Après l'effort, le réconfort !
Le vêlage groupé de printemps requiert une grande vigilance et une période de dure labeur au printemps pour l’agriculteur, notamment lors de l’insémination et durant la période de mise bas. En revanche, c'est un effort que l'éleveur n’a ensuite plus à subir avant l’année prochaine ! C’est aussi un choix qui réduit le travail hivernal puisque les vaches ne produisent plus de lait en hiver et donc fini la traite ! Conséquence qui implique également une absence de revenus laitiers en hiver, nécessitant une bonne gestion financière et une adaptation pour écouler un volume de lait concentré sur une période plus courte. Un choix qui demande donc une organisation rigoureuse.
En clair, un système viable et bien pensé
Ce système laitier trouve sa véritable force dans l’économie, au sens de la réduction des dépenses et du temps de travail. Les dépenses sont limitées au maximum, tout comme les emprunts et les frais d’exploitation. Grâce au PTD, et au VGP, le système d’élevage est quasiment autonome, évitant des frais de fourrages (aliment végétal destiné au bétail) supplémentaires , ou encore des frais d’achats et de réparation de machines. Les charges se limitent au strict minimum, c’est donc un système peu productif mais très rémunérateur. D’autres parts, les stratégies telles que là monotraite ou le VGP rendent le métier de Gautier supportable. L’éleveur peut amener ses filles à l’école, les récupérer le soir et il peut s’autoriser quelques semaines de vacances par an.
L'avis d'Agrovadrouille
La Ferme du Temple incarne la réussite d’un élevage laitier qui allie conditions de travail décentes, bien-être animal et rentabilité, grâce à des techniques innovantes et une gestion optimisée des ressources financières, matérielles et infrastructurelles. Ce cadre structuré et réfléchi a permis à Gautier de développer à côté de ça un modèle collectif dynamique, où un nombre croissant d’artisans collaborent et enrichissent, chaque jour, ce projet unique.

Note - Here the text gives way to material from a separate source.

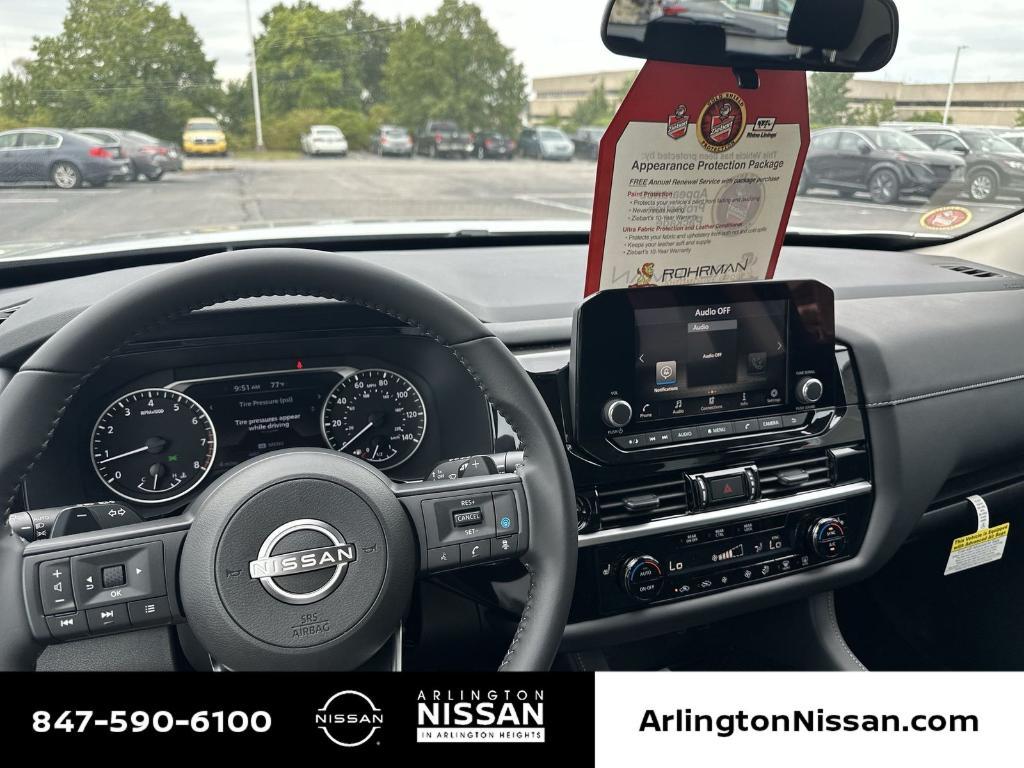 new 2025 Nissan Pathfinder car, priced at $35,971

La ferme du Temple nous à livrer un modèle de revitalisation de la ruralité inspirant et motivant. A une époque où les campagnes s’essoufflent de plus en plus, au point de se transformer en "village dortoir". La ferme du Temple participe à recréer de la vie et du lien au sein de son village par bien des moyens. La vente à la ferme, les marchés mais aussi l’accueil de festivals ou les visites de fermes sont tous des exemples pouvant participer à diversifier les activités d’une ferme. Diversification qui crée d’abord de la vie au sein de la ferme et à fortiori au cœur du village.